Es geht sicher nicht darum, das politische Programm von 1985 noch einmal abzuspulen. Aber der Ansatz ist nach wie vor aktuell. Klar ist auch, dass wir damit auf Widerstand bei der Stadtregierung stoßen werden. Miguel Ángel Mancera, der Oberbürgermeister von Mexiko-Stadt, hat bisher nicht vor, die Bevölkerung beim Wiederaufbau der Stadt mitreden zu lassen. Seine Politik ist so vertikal wie die des PRI vor drei Jahrzehnten. Beteiligung ist für ihn nur als philanthropisches Fernsehprogramm denkbar, so eine Art Spendenmarathon am Telefon. Das ist kein partizipativer politischer Ansatz.
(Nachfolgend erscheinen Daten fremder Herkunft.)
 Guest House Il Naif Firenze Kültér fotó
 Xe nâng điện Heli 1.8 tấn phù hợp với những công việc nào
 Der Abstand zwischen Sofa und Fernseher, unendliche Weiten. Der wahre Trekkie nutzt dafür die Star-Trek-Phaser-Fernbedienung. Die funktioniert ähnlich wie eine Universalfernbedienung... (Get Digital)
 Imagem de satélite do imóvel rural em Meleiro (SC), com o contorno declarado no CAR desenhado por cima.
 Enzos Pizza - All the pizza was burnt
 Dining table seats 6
In Deutschland kursiert derzeit der Aufruf, internationale Spenden über mexikanische NGOs wie Habitat International Coalition (HIC) laufen zu lassen, die sich für einen selbstbestimmten Wiederaufbau verbürgen.
Super, das ist genau, was wir brauchen. Nicht nur Geld, auch Ideen. Da müssen neue Netzwerke entstehen. Hier im Gemeinschaftsgarten engagieren sich zum Beispiel Studierende und soziale Organisationen für eine nachhaltige Landwirtschaft und Bauweise in der Stadt. In Mexiko gibt es nach wie vor einen Zementfetisch und gerade ­Städter meiden alternative Baumittel wie Bambus, aus Angst, am Ende als ­Indios abgetan zu werden. Höchste Zeit, unser urbanes Universum zu erweitern. Da kann internationale Unterstützung nicht schaden.
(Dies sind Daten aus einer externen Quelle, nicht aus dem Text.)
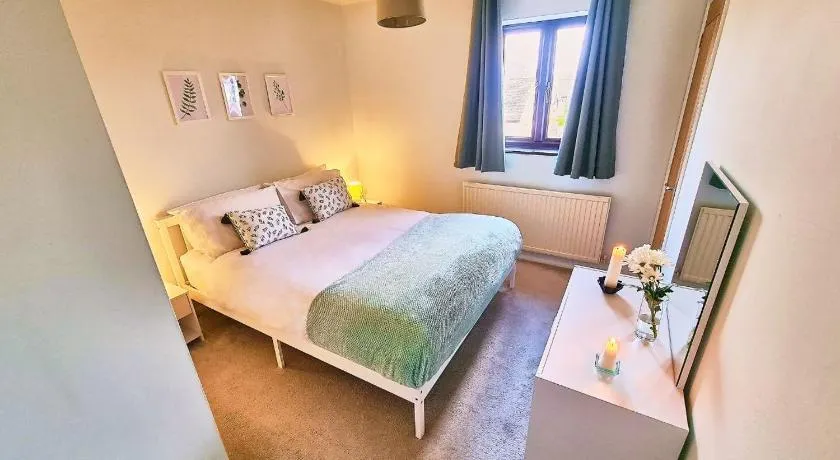 Bluebirds Cottage - Light and Airy 2 Bed in Bourton - Image 1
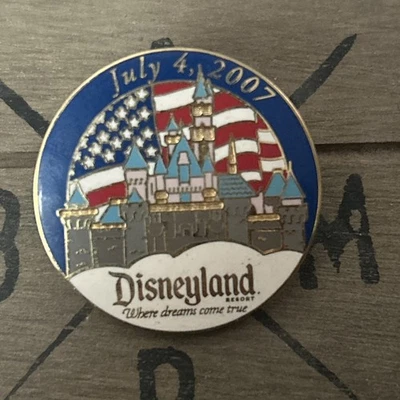 Disneyland Resort Cast Member Working Day July 4 2007 Independence Day Pin 55563 - Image 1 of 2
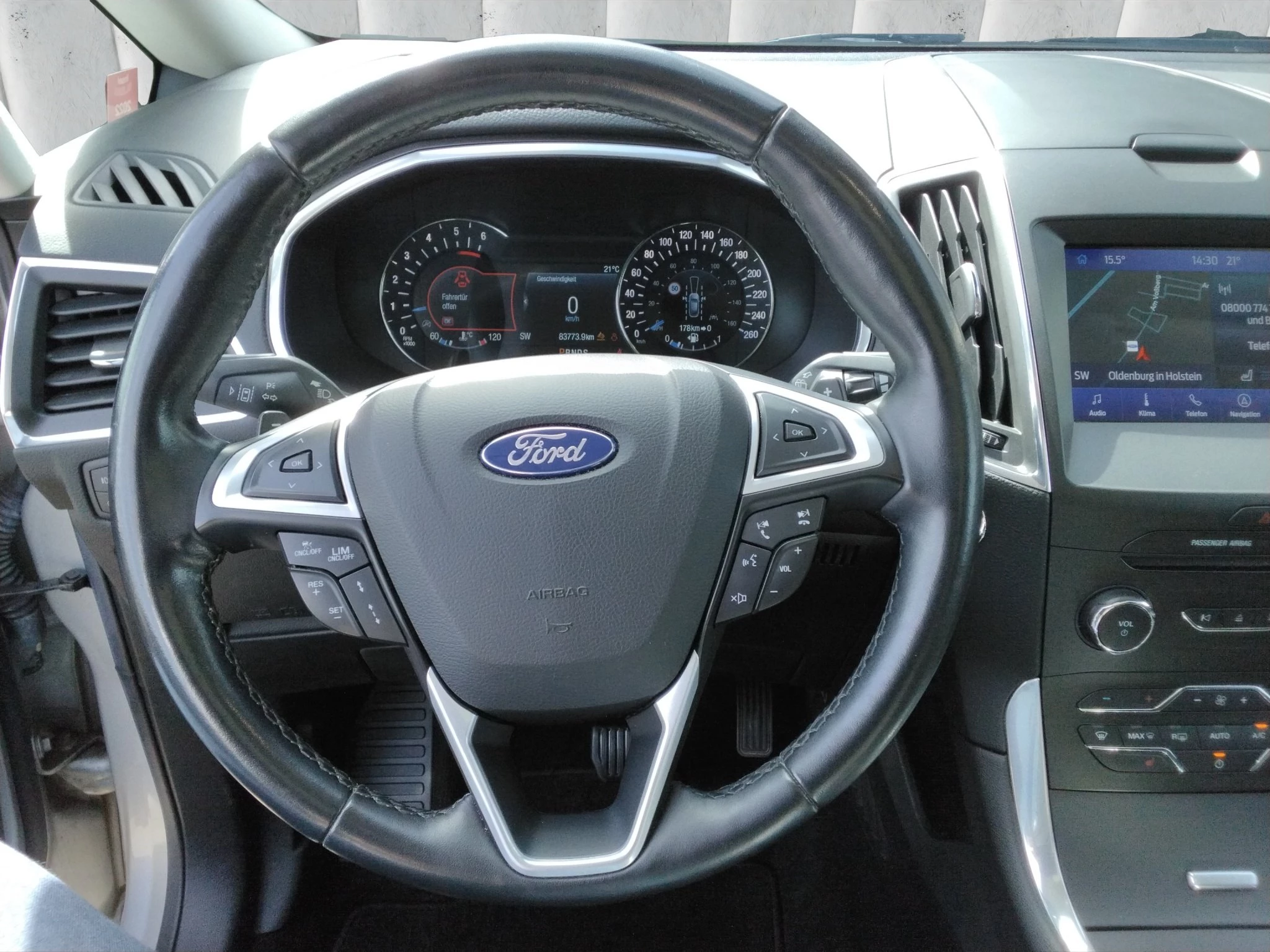 Ford S-Max Titanium 7-Sitzer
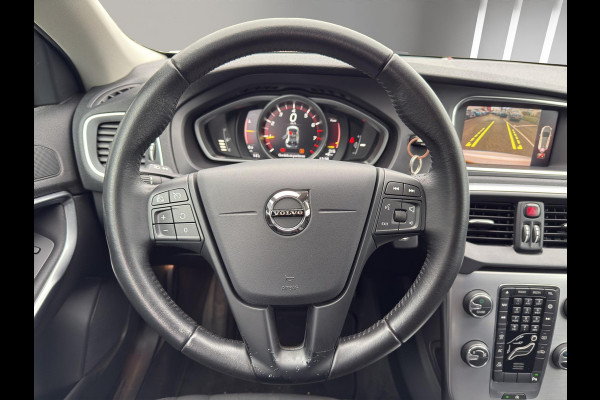 Volvo V40 2.0 T2 Kinetic | Camera + Sensoren | Navigatie | L.M.Velg | 17"Velg | Led koplampen |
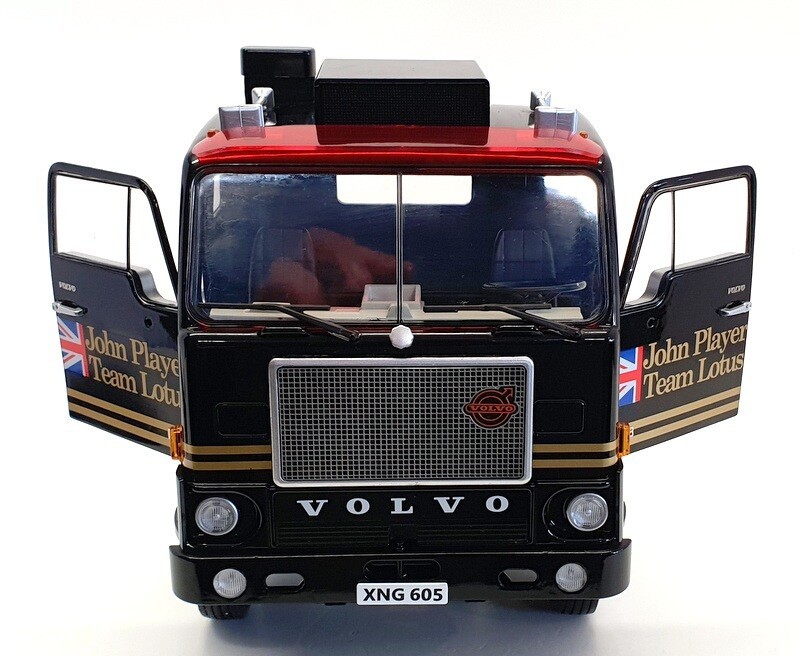Tracteur routier Volvo F88 JPS Lotus F1 1978 pour exposition en vitrine de salon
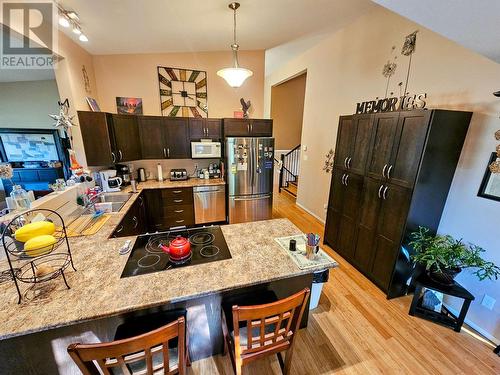 2220 Pine Street, Prince George, BC - Indoor Photo Showing Kitchen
Was wird Ihr weiterer Beitrag für ein positives politisches Nachbeben sein?
Ich persönlich werde mich bei der Gouverneurswahl in Mexiko-Stadt im kommenden Jahr als unabhängiger Kandidat bewerben. Das war schon vor dem Erdbeben mein Plan, aber jetzt erst recht. Und was Superbarrio angeht, klar, der Umhang liegt bereit. Aber er ist ein Veteran, der nicht den Jungen die Welt erklären sollte. Die werden ihren eigenen Weg finden. Die alte Superheldenschule muss sensibel sein, was neue Protestformen und Führungsstile angeht. Aber Masken, Ironie und Performance haben auch weiterhin ein großes politisches Potential. Superbarrio würde sich gern einer Legion neuer Superhelden anschließen.